A study published in Nature last week shows that the extra CO2 in the atmosphere is causing trees to grow bigger in the rainforests, absorbing a net extra 5bn tons of CO2.
Tropical trees are absorbing more carbon than they would naturally, grow bigger, and unwittingly provide a helping hand in the fight against climate change.
It is very much a case of eat as much as you can, while food is abundant and readily available. It appears that trees, like humans, do have a good go at the buffet while it's there. It's not surprising that in areas such as the tropics, where rain is abundant and growth can be sustained, the excess of CO2 can just be the thing for the largest tree specimens to go supersize.
This emphasises the importance of the rainforests as carbon sinks and how urgent it is that we restore them to their past glory. The earth has lost over three quarters of its forests during the last century, so we do have quite a lot of ground to recover. This is the challenge to combat climate change.
It's good news that governments are now talking about REDD (reduction of emissions by preventing deforestation) to include reforestation and prevented deforestation in the successor to the Kyoto protocol. For a while reforestation projects didn't have a good reputation but this is fortunately changing and there's now talk of financial commitments to prevent deforestation.

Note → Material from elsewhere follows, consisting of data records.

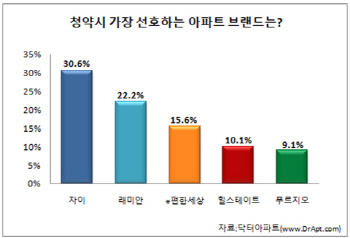 하반기 아파트 청약시장 소비자 최선호 브랜드 ‘자이’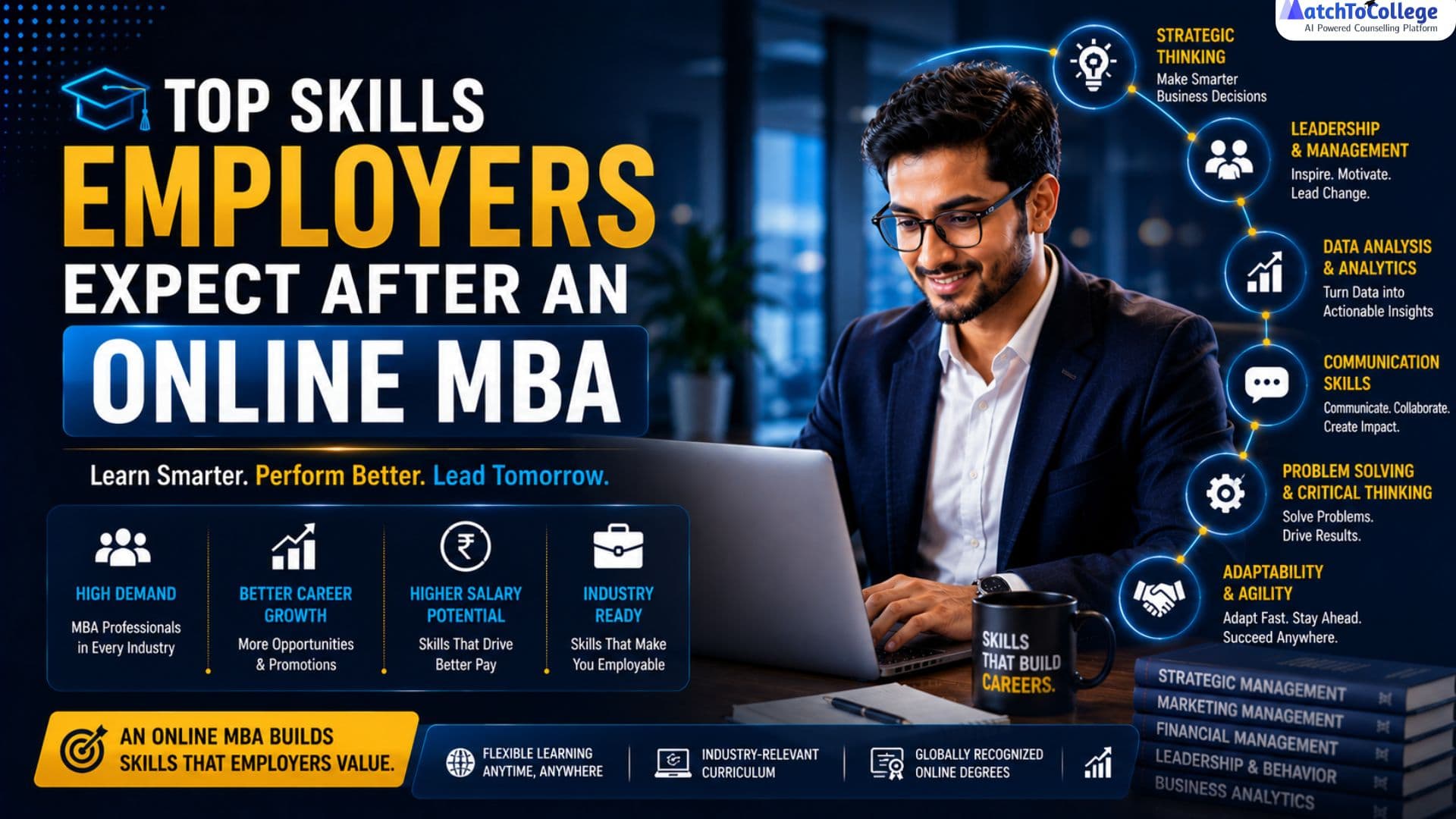 Online MBA Skills Employers Value Most in 2024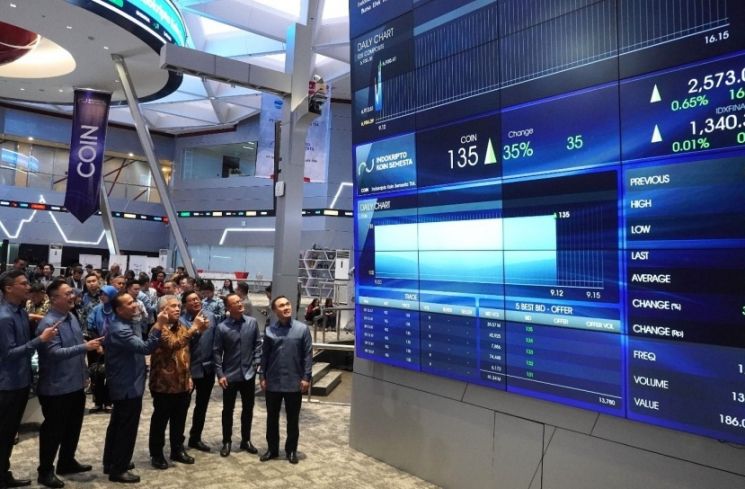 PT Indokripto Koin Semesta Tbk. (COIN) resmi mencatatkan sahamnya di Bursa Efek Indonesia (BEI) pada Rabu, 9 Juli 2025. (Dok. Suara.com)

The UK government commissioned a report, the Eliasch Report, on financing global forests and the cost of preventing deforestation. Indirectly, all this has a lot to do with the financial incentives for countries such as Brazil and Indonesia to prevent illegal logging. I think this might be the wrong angle - paying people to stop destroying their own forests doesn't address the issue of why they are doing it in the first place. Illegal logging can move elsewhere and the subsidies will be money wasted. The real solution is to turn deprived communities into skilled farming communities who will benefit from sustaining the rainforests. So long as everyone can have a vested interest and views the rainforest as an asset of greater financial value than its timber content, then we will have a solution.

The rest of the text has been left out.